The Ability to Detect the COVID-19 Genome Using Saliva Swabs in Comparison with Nasopharyngeal Swabs in Baghdad

Abstract

Abstract Objective Nasopharyngeal swab (NPS) sampling has been recommended by the World Health Organization (WHO) since the start of the COVID-19 pandemic, and real-time reverse transcription polymerase chain reaction (RT–PCR) is used to detect SARS-CoV- 2, the causative agent of COVID-19. This sampling technique is invasive and causes discomfort to the patient. Saliva swabs (SSs) can be used as an alternative noninvasive method; however, there are limited data confirming its suitability for the diagnosis of COVID-19. The aim of this study was to test the ability to detect COVID-19 using SSs in comparison with NPSs in the Baghdad Alkark sector. Materials and Methods Six hundred and fifty patients were included in this study, and written informed consent was obtained from all the study participants. Paired NPSs and SSs were collected at the same time from each participant between days 3 and 5 after disease initiation. SSs were taken from the sublingual area. An RT‒PCR assay was used to detect the viral ribonucleic acid (RNA) of SARS-CoV-2 for the diagnosis of COVID-19. The chi-squared test was used for data analysis, with p < 0.05 considered significant.

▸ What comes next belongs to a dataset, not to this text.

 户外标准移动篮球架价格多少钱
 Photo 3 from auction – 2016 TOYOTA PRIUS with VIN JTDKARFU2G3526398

Results Out of 650 participants with suspected COVID-19 (313 males and 145 females), 313 were confirmed to be positive for COVID-19 by quantitative RT–PCR (RT‒qPCR) using both samples. The ages ranged between 12 and 85 years, with a mean/standard deviation (SD) of 45.45 (16.62) years. All the cases with positive results using NPSs were also positive when SSs were used. Statistically, there was no significant difference between the two groups (p = 0.347). Conclusion RT‒PCR assays conducted on SSs and NPSs performed similarly, indicating that SSs may be a safe, inexpensive diagnostic sampling method and an effective tool for population screening. We recommend more studies to support this finding.